Les femmes journalistes ont été confrontées à des actes d'intimidation et à toute une série de menaces physiques et sur Internet. Début février 2024, l'Alliance des médias féministes a dénoncé les menaces sexistes en ligne qui font référence à des caractéristiques physiques et visent à intimider les journalistes ou à les humilier.

Des réformes législatives restrictives qui pourraient entraver davantage les libertés civiques ont également été adoptées. Un projet de loi sur les « agents étrangers » pourrait être utilisé pour réduire au silence les OSC, car il imposerait une taxe de 40 % sur certains financements internationaux et limiterait les activités légitimes des OSC recevant des fonds ou un soutien de l'étranger. Il les obligerait également à s'enregistrer en tant qu'« agents étrangers » auprès du ministère de l'Intérieur. Le projet de loi a été approuvé partiellement et reste en attente de son approbation définitive par l'Assemblée législative en séance plénière.

En outre, le 27 avril 2024, l'Assemblée législative a approuvé une modification de l'article 248 de la Constitution, qui autorise l'adoption des réformes constitutionnelles durant une seule législature. Auparavant, elles devaient être approuvées par deux législatures distinctes. Cette réforme pourrait limiter la reddition de comptes, la transparence et la participation aux futurs processus constitutionnels. De plus, le 7 juin 2024, les autorités ont renouvelé l'état d'urgence pour la 27ᵉ fois et l'ont prorogé de 30 jours supplémentaires jusqu'à juillet 2024, prolongeant ainsi les mesures abusives qui ont empêché les défenseurs des droits de l'homme et les journalistes de travailler librement et en toute sécurité.

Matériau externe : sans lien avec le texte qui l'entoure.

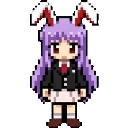 Reisen sprite
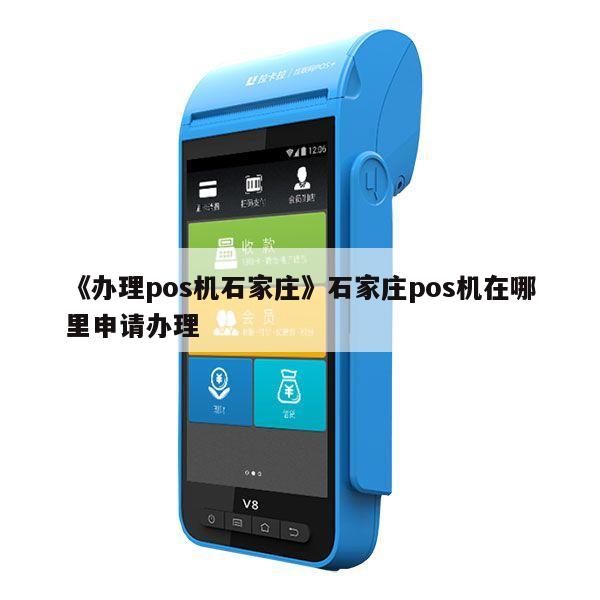 石家庄POS机办理费率低的公司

La Palestine reste sur la Liste de surveillance alors que les bombardements israéliens se poursuivent. Au 9 juin 2024, on a enregistré l'assassinat de plus de 37 000 Palestiniens et de 1 139 Israéliens, dont au moins 105 journalistes (100 Palestiniens, 2 Israéliens et 3 Libanais). Plus de 250 travailleurs humanitaires ont été tués à Gaza depuis l'attaque du 7 octobre contre Israël. Depuis, les forces israéliennes ont mené au moins huit frappes contre des convois humanitaires et des locaux de travailleurs humanitaires à Gaza, bien que leurs organisations aient communiqué leurs itinéraires et leurs emplacements aux autorités israéliennes pour assurer leur protection.

Malgré la dévastation que subit la Palestine, l'UNRWA et les OSC palestiniennes continuent de voir leur existence menacée par le gel des financements de leurs principaux donateurs. Même si la plupart des donateurs ont débloqué leurs transferts de fonds à l'UNRWA après la vague de suspensions au début de l'année, le soutien financier de certains donateurs clés, tels que les États-Unis et le Royaume-Uni, est toujours gelé. En mars 2024, la Chambre des représentants des États-Unis a approuvé une loi de finances d’un montant de 1 200 milliards de dollars qui interdit le financement de l'UNRWA à un moment où la catastrophe humanitaire à Gaza se poursuit.